Your assignment:
Given the records below, pull every line with the word "carpet" into the answer.

Material for this exercise:
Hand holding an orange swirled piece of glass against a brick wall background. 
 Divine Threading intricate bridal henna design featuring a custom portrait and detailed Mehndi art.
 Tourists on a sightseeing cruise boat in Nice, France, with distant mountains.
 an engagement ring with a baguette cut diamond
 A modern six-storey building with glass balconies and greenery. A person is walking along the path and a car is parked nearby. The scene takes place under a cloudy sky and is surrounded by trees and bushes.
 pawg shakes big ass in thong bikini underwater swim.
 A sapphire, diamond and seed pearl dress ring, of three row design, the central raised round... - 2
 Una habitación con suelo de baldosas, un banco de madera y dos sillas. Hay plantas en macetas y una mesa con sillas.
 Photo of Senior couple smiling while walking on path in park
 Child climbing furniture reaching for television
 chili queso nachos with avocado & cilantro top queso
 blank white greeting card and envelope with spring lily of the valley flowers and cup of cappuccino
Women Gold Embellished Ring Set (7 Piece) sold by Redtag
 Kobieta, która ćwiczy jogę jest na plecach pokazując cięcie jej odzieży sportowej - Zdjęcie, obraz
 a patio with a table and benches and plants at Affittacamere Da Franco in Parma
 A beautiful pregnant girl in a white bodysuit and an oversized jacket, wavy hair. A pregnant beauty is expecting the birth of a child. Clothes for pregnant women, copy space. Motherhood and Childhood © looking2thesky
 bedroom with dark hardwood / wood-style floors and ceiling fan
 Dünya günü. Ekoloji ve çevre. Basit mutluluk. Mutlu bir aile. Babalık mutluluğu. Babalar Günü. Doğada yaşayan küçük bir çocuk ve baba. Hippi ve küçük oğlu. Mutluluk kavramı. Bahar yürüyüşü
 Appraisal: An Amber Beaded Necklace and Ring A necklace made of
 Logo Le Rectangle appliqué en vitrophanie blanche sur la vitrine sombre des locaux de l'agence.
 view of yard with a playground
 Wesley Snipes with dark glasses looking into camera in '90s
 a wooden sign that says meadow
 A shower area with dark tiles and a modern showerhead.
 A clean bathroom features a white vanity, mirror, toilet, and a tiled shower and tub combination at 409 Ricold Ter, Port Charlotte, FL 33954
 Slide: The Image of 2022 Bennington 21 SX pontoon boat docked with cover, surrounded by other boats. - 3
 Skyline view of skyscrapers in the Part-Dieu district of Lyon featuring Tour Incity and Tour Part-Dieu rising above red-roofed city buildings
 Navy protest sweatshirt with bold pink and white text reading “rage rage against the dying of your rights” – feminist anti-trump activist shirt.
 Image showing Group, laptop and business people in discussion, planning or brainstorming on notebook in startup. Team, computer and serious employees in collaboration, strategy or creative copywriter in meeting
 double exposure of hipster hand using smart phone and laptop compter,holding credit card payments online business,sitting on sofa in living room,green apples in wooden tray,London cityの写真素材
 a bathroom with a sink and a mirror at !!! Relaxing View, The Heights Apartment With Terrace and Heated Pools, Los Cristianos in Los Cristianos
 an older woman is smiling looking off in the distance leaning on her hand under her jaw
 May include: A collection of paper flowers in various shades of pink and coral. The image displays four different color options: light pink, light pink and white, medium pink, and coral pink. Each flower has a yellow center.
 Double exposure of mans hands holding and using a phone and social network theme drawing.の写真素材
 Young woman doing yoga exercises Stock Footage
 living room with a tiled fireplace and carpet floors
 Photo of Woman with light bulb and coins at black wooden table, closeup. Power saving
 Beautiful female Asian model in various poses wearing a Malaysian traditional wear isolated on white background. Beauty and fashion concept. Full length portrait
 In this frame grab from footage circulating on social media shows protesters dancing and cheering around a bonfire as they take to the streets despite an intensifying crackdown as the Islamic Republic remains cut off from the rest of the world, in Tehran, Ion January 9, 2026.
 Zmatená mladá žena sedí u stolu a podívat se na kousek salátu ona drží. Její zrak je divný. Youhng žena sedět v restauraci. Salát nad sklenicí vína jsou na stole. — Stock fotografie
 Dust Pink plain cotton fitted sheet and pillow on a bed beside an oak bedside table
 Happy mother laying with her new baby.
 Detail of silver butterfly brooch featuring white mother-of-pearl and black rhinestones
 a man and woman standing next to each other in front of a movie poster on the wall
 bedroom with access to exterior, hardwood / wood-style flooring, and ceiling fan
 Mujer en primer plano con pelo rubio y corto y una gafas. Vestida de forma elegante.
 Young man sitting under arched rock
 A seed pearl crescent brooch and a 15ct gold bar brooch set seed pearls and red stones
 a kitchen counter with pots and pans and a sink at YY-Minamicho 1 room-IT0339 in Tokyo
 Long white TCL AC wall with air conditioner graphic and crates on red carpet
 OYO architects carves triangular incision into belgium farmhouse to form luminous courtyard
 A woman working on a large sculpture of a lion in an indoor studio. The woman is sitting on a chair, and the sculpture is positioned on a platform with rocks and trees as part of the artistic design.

Solution to this task:
 living room with a tiled fireplace and carpet floors
 Long white TCL AC wall with air conditioner graphic and crates on red carpet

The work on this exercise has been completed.